開発途上国では、当然のことながら、経済成長とともに供給カロリーが上がっていきます。1960年台はじめの中国における一人当り一日当りの供給カロリーは、1500Kcalに満たなかったようです。干ばつと大躍進運動がもたらした”3年大飢饉”の影響が長引いたことも背景にあるのでしょう。それが、1970年代末の改革開放後には、急激な増加に転じます。2022年には3500Kcalに迫り、世界トップ5にランクインしています。近年多く見かける中国人旅行者には小太りな人が多いように思います。ちなみに、供給カロリーも肥満率も世界トップに君臨するのはアメリカです。かつて、アメリカの供給カロリーは、欧州各国と比して相対的に低い水準にありました。それが増加に転じたのは、1980年代のことであり、1990年代には世界トップに踊り出ます。

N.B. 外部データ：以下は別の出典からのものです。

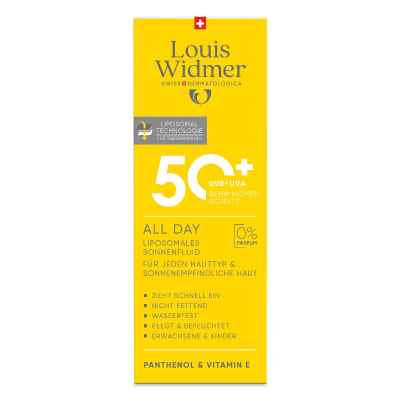 Louis Widmer All Day 50+ unparfümiert 100 ml von LOUIS WIDMER GmbH PZN 19396130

アメリカ人の肥満の原因は、ジャンク・フードにあると言われます。それもそのとおりだとは思いますが、ジャンク・フードは80年代に至ってはじめて普及したわけではありません。アメリカの供給カロリーが増加に転じたのは、ジャンク・フードや冷凍食品にパーム・オイルとコーン・シロップが多用されるようになったからだとされます。アブラヤシからとれるパーム・オイルは、調理用だけでなく、マーガリン、菓子類、インスタント食品などの加工食品用で多用され、石鹸やバイオ燃料にも使われています。その生産量も消費量も、植物油のなかでは、大豆油、菜種油を抑えてトップです。アブラヤシの原産は東アフリカですが、栽培が始まったのは19世紀のインドネシアとされます。オランダ人が種を持ち込み、栽培を始めたわけです。

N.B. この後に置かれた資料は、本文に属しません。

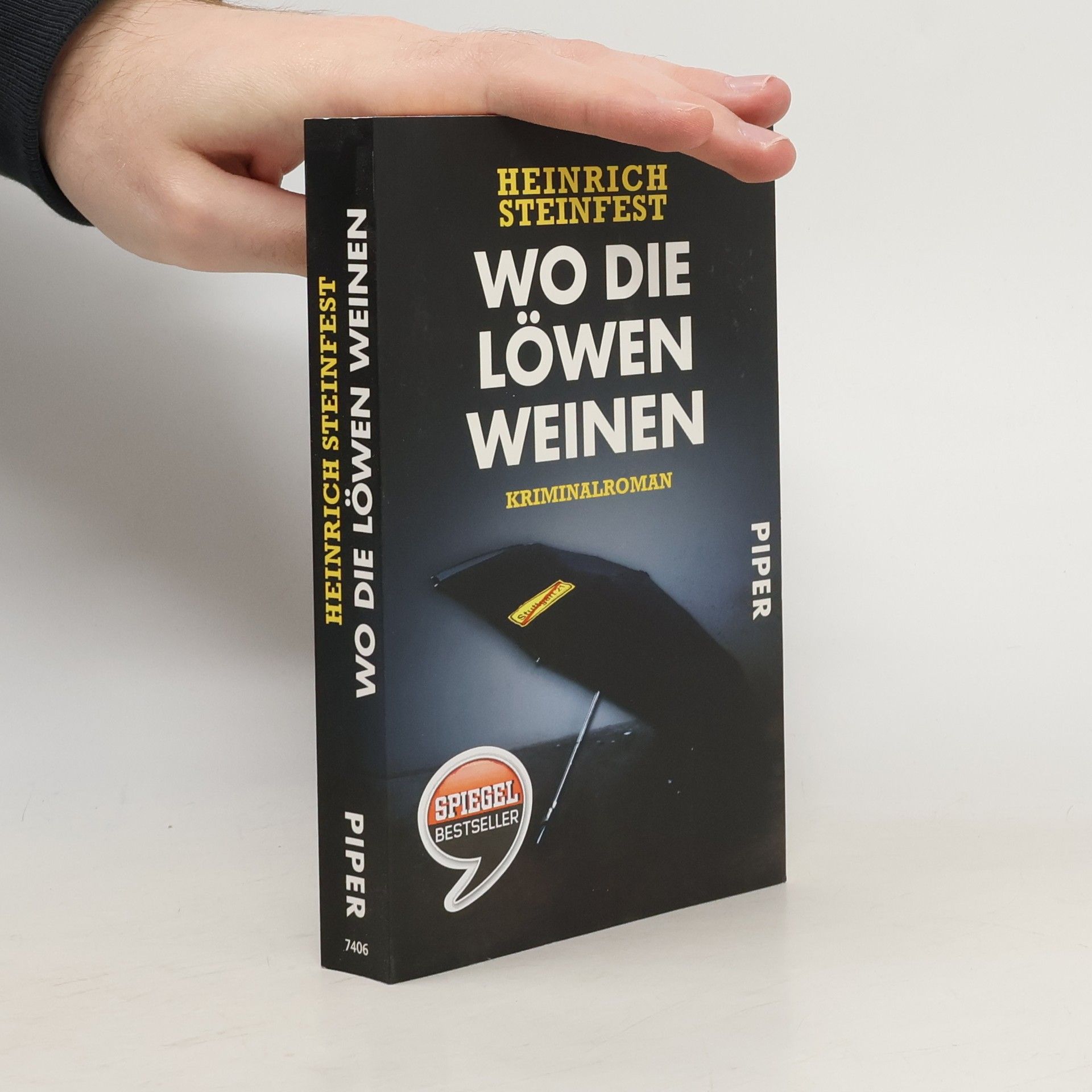 Heinrich Steinfest Wo die Löwen weinen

マレーシアで驚いたことの一つは、どこへ行ってもアブラヤシ畑だらけだということです。マレーシアは、インドネシアに次ぐパーム・オイルの生産国であり、この2ヶ国が世界の生産量の8割を占めます。かつて、マレーシアはゴム園だらけだったようですが、1960年代からアブラヤシへの転換が始まりました。そのころからパーム・オイルの生産・消費が拡大し、急成長を続けてきました。パーム・オイルが植物油のトップ・シェアになったとは言え、調理用油としては、アメリカ、南米、中国では大豆油、欧州や日本では菜種油が、依然、主流です。つまり、パーム・オイルは、調理ではなく加工分野でシェアを急拡大してきたわけです。パーム・オイルは、動物性脂肪と同じく飽和脂肪酸が多く、肥満や生活習慣病への悪影響が懸念されています。また、自然破壊や労働問題も指摘されています。しかし、安価で使い勝手のよいパーム・オイルは、生産、消費ともに拡大を続けています。(写真出典:sustainablejapan.jp)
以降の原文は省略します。